In contrast to Moscow’s proposals, U.S. Secretary of State Anthony Blinken, in a speech in Pretoria on August 8, voiced quite a one-sided format of engagement—namely, “a vision for our nation’s engagement of the region.” In his speech, the head of the U.S. diplomatic office outlined “Biden’s Strategy toward Sub-Saharan Africa” covering its four chief priorities. The first is openness, which implies the ability of states in the region to develop receiving U.S. assistance needed to build infrastructure or facilitate technology transfer. The second is to promote democracy through the exchange of ideas, the fight against disinformation and corruption, and reinforced relations between law enforcement officials and the local population. The third is to overcome the negative effects of the COVID-19 pandemic, laying down conditions for a long-term and sustainable economic growth. By creating conditions, Secretary Blinken meant not only investments and subsidies from international financial institutions but also organizing vaccine production in African states. Finally, the fourth priority is to engage the countries of the continent in the green agenda, including the fight against climate change.

An analysis of Biden’s Strategy toward Sub-Saharan Africa suggests a solid conceptual similarity to an earlier document, the 2012 Strategy. Of the four priorities listed back in 2012, half remained virtually unchanged, such as the promotion of democracy and the linking of economic development to environmental concerns. Ten years ago, the third priority did not mention the global pandemic, but it otherwise included similar proposals, that is, working with sub-regional organizations, engaging business, and reforms for sustainable growth.

Only two aspects are fundamentally different in the Strategies of 2012 and 2022. First, Biden’s Strategy is soft-spoken about security concerns and the role the U.S. is willing to play in conflict-resolution in Africa. Probably, the reason being that these issues will be reflected in another document currently prepared by the U.S. Department of Defense. This document will link security issues with the political and economic efforts of the United States and will address the 3D (diplomacy, defense, development) principle. Second, the 2012 Strategy strictly conditioned U.S. relations with an African country on respect for the “legitimacy of the democratic process” that ultimately refers to regular elections, an adequate vote count, a peaceful transfer of power. And Biden’s Strategy is moving away from such meddling in internal affairs and arguing that the U.S. may not have a solution for democracy problems in Africa.
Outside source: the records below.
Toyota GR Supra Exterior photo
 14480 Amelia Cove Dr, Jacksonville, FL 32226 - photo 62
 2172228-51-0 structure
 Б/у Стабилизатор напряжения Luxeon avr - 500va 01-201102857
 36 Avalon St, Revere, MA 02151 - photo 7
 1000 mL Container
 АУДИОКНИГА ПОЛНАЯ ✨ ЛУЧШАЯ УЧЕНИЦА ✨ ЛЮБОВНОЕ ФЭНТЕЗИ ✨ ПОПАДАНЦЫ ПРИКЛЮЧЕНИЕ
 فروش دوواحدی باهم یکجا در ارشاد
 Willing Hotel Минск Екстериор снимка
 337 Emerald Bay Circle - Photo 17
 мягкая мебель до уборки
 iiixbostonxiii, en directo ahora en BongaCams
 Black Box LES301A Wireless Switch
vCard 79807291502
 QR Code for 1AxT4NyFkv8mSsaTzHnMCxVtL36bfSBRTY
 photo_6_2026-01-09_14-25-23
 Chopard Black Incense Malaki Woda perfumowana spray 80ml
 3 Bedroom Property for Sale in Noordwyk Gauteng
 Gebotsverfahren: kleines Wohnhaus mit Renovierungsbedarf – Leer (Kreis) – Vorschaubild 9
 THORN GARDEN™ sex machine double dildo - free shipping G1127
That said, Blinken’s visit to the Democratic Republic of the Congo was mostly focused on the upcoming 2023 elections, which somewhat undermines the stated positions of the Strategy.

In general, Blinken’s visit demonstrates that the U.S. does not yet have a re-branded perspective on Washington’s relations with African states and that the State Department was inspired by America’s domestic political agenda. It is likely that African countries are quite satisfied with the conceptual auto-plagiarism of the U.S. leadership. At the same time, methods of solving domestic American problems in other realities will prove to be less in demand, and these methods have not been very effective in the United States itself in recent years.

Instead of an epilogue

Currently, work is continuing on a new Foreign Policy Concept of the Russian Federation. At a press conference in Uganda following his visit, Foreign Minister Sergey Lavrov announced that Africa’s role in Russia’s main foreign policy concept document would grow. In the current Foreign Policy Concept of 2016, the continent occupies the last place in the regional dossier, with not a single African state mentioned separately, unlike such “important” partners of Russia as Canada or New Zealand. Notably, the two versions of the 2013 and 2016 Concepts have a consistent regional dossier structure, while the Concept of 2008 at least placed Africa in the penultimate place in the ranking of priority regions.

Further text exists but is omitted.